The surgical treatment of road accidents begins in the road. The scene of most accidents is far enough from hospital for a neglect of first-aid principles to allow deterioration in the patient's general condition. In some cases this tips the balance against survival.

All motorists should appreciate the importance of covering and stabilising open wounds before the victim is moved. Indeed, this is well enough known where there are obvious fractures of the long bones. But it is almost equally important for extensive soft-tissue damage, even without fracture; and this is less well known. In both types of injury the practice is less well observed than understood. All motorists, too, should find room in their car for a few first- aid dressings, a roll of strapping, and a pair of scissors. And all should acquire the simple skill needed to make the best use of them. In default of more elaborate apparatus, much good can be done by using one leg to splint the other, or by fixing an injured arm to the side of the body.
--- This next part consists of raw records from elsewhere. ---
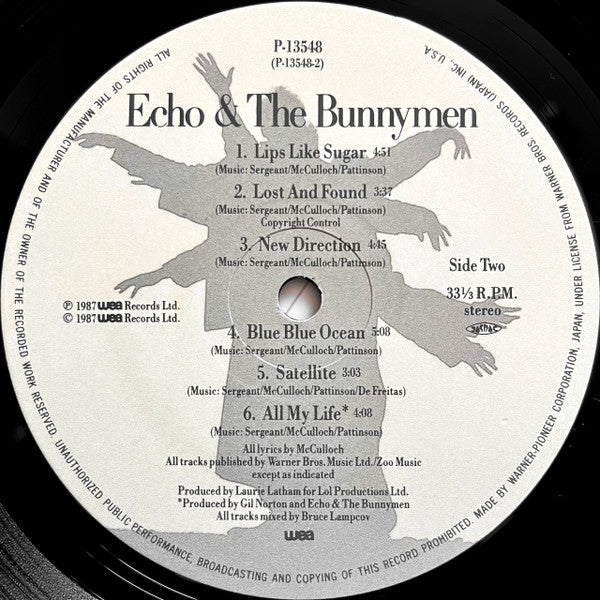 Echo & The Bunnymen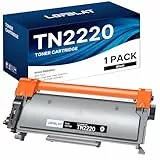 TN2220 Toner Kompatible für Brother TN 2220 TN2210 für Brother MFC-7360N MFC-7460DN MFC-7860DW FAX-2840 FAX-2940 HL-2130 HL-2240 HL-2250DN HL-2135W DCP-7055 DCP-7055W (1er-Pack, Schwarz)
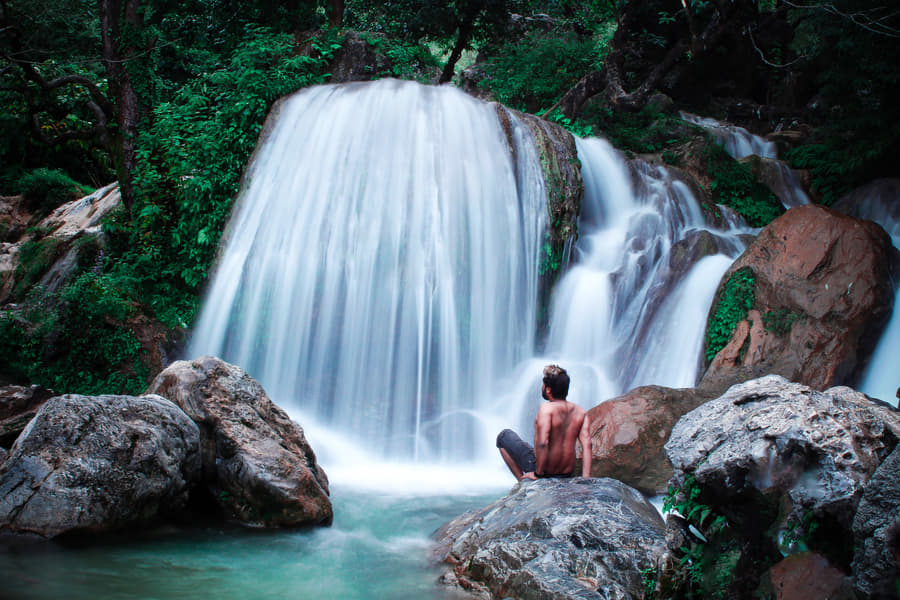 Nainital Mussoorie Tour Package from Delhi Image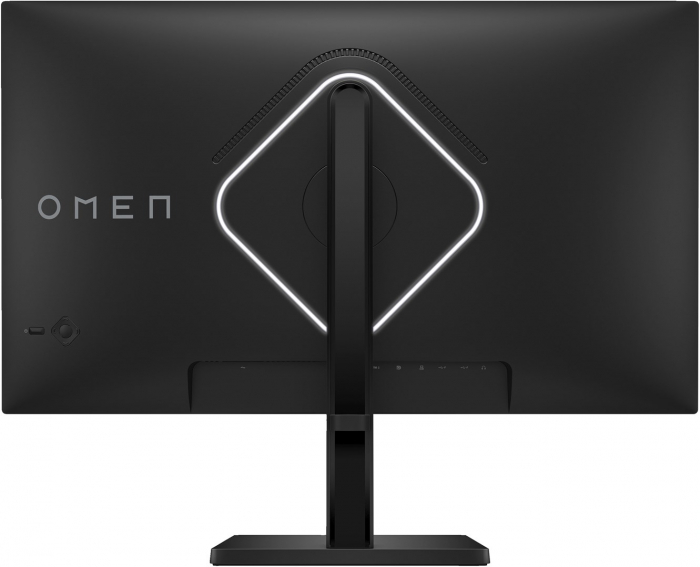 Monitor Gaming OMEN by HP, 27" Full HD 1920 x 1080, IPS, 1 ms, 240 Hz, Black [6]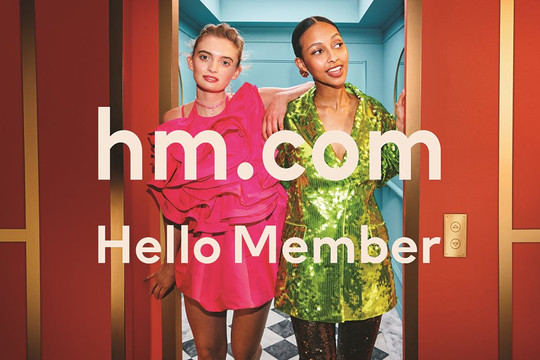 H&M ra mắt cửa hàng trực tuyến tại Việt Nam
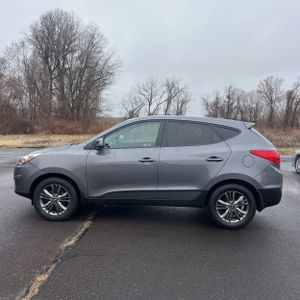 HYUNDAI TUCSON GLS - 3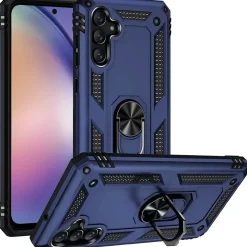 Samsung Galaxy A34 5G - Outdoor Hardcase mit Ringhalter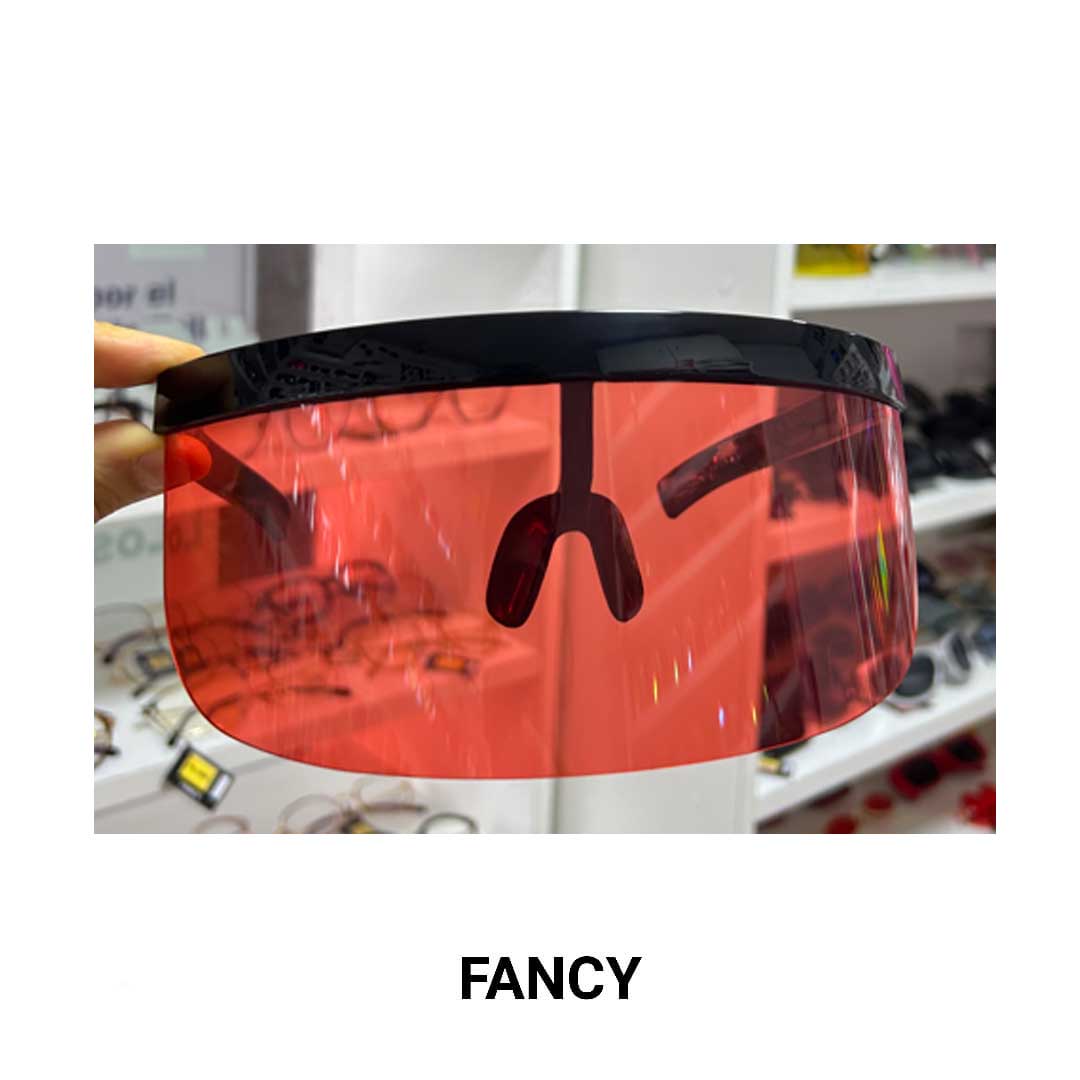 BAD BUNNY RED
Many people were taught the principles of first-aid in their school days, and many are glad of this when the moment comes. Many a surgeon, and many a patient, has cause to be grateful when these principles have been put into practice.

How many victims are efficiently splinted before they are moved? How many ambulances carry a sufficient variety of splints for this purpose? Do all accident ambulances carry two attendants, and, if they do, are these both companionably seated in front? How many of the patients travel with someone beside them to attend, minute by minute, to haemorrhage, respiratory obstruction, or vomiting? These are not rhetorical questions. We confess we do not know the answers; but we should. The patient, sometimes rightly, regards this journey as the most hazardous part of his calamity, and looks to arrival at hospital to end his troubles. Only too often he arrives depleted of strength which a little more skill and care might have preserved.

At hospital there may be an interval before definitive treatment can begin. It is often in the patient's own interest that there should be. Sometimes this first stop is no more than temporary, and - again in his own interest - he is to be moved on. Nevertheless, there is here an opportunity to revise the first-aid measures already applied; dressings may have to be changed and splints adjusted. Here, too, further preliminary treatment can be given. Shock may have to be dealt with almost at the moment of arrival. New casualty departments are being designed to include resuscitation rooms, and many old departments are improvising them. In some cases it is advisable to close wounds, or to reduce deformities which are producing complications, even if these operations have later to be repeated more precisely. A sucking wound in the chest, a pressure pneumothorax, severe respiratory obstruction, or a fracture-dislocation compressing a main vessel or nerve - these will not brook the inevitable delays associated with hospital admission and in-patient surgical arrangements. Facilities should be at hand for dealing with these emergencies. It is at the door of the hospital that the patient can be most profitably seen by an experienced surgeon. During the 1939-45 war many surgical units put their senior surgeons on to the reception of casual ties so that a surgical policy could be defined for each patient as soon as possible; the more junior surgeons worked in the theatres. There may be a lesson in this for the surgery of accidents, because it is not too fanciful these days to com pare the highroads with the battlefields. The man who makes the decision is often just as important as the man who makes the incision.